In a room, the room gain happens with deeper bass where the deeper bass waves are kept in the room. But even with below 80Hz not being easily located, if you have only 1 sub in a room, you’ll likely get uneven bass such that if you walk to the center it may have less bass while the corners will likely have more. I recommend to my customers to have multiple subs to even out the bass, with 4 being the best as more subs will have minimal improvement.


----------



## Ifixtheinternet (Jan 29, 2016)

runmeshaw said:


> I think the enclosures are solid and I'm not sure if they can come apart without modification (attached a pic).


They might do better with an opening into the rear of the door, but maybe not. The factory speakers you had probably had a decent bump in the mid bass region, whereas the aftermarket do not.

Not sure if you want to modify them to try that or not.

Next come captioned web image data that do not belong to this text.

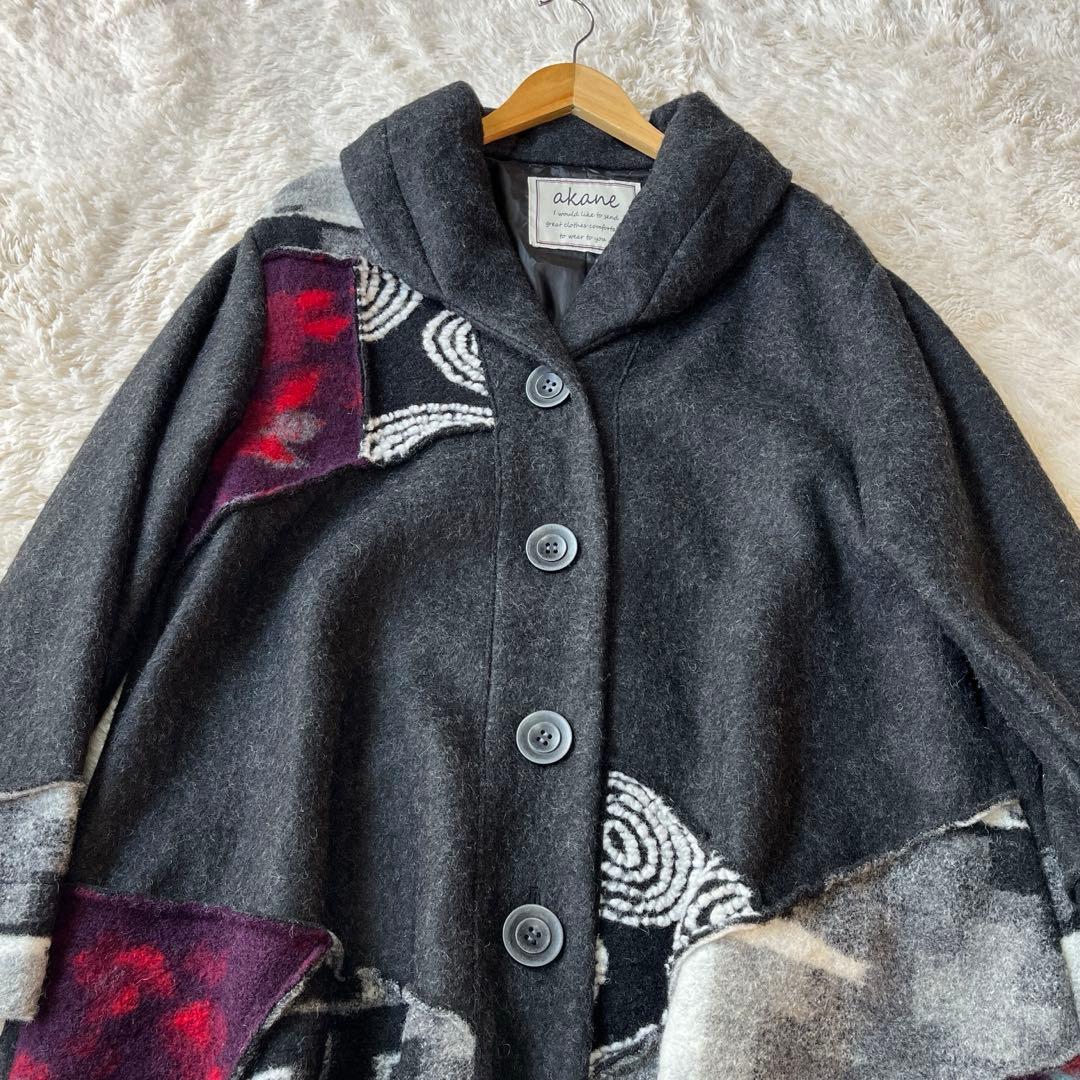 ごまり 新品 あむう akane パッチワーク ゆったりコート アウター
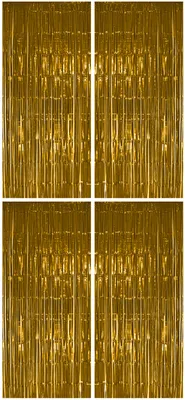 Produktbild von 4x Lametta Vorhang - gold - 91x244 cm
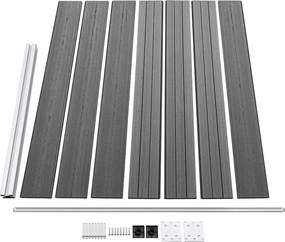 vidaXL Σετ Πάνελ Περίφραξης Γκρι 526 x 146 εκ. από WPC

To set time alignment correct between sub and midbass, first reverse the phase of the sub. 

Sit in the listening position and play a sine wav tone in the center frequency between filters on the mids / sub, 80hz?

Adjust the sub distance until the tone becomes the quietest spot, and almost disappears.

That's the correct setting.

Then flip the phase on the sub back to normal.

Sent from my Pixel 3a XL using Tapatalk


----------



## runmeshaw (Aug 16, 2005)

dgage said:


> We’re 3 pages in so I don’t know what the OPs situation is at this point and what has been done to mitigate his issue. You quoted F150Man and made a blanket statement that science says he is wrong. I don’t buy that, not for a car environment.
> 
> Our ears roughly localize 80Hz and above this point we can usually identify the direction the sound waves are coming from. However, a car‘s cabin gain for most vehicles is in the lower midbass/upper subbass due to those frequencies being the right length to be held in the cabin better. So due to the smaller size, the localization of frequencies can happen a little higher, between 100-200Hz depending on the vehicle. DSP, which F150Man has, can affect this some as well. And just to be clear, I’m not saying you can run a midbass from behind you and be okay.
> 
> In a room, the room gain happens with deeper bass where the deeper bass waves are kept in the room. But even with below 80Hz not being easily located, if you have only 1 sub in a room, you’ll likely get uneven bass such that if you walk to the center it may have less bass while the corners will likely have more. I recommend to my customers to have multiple subs to even out the bass, with 4 being the best as more subs will have minimal improvement.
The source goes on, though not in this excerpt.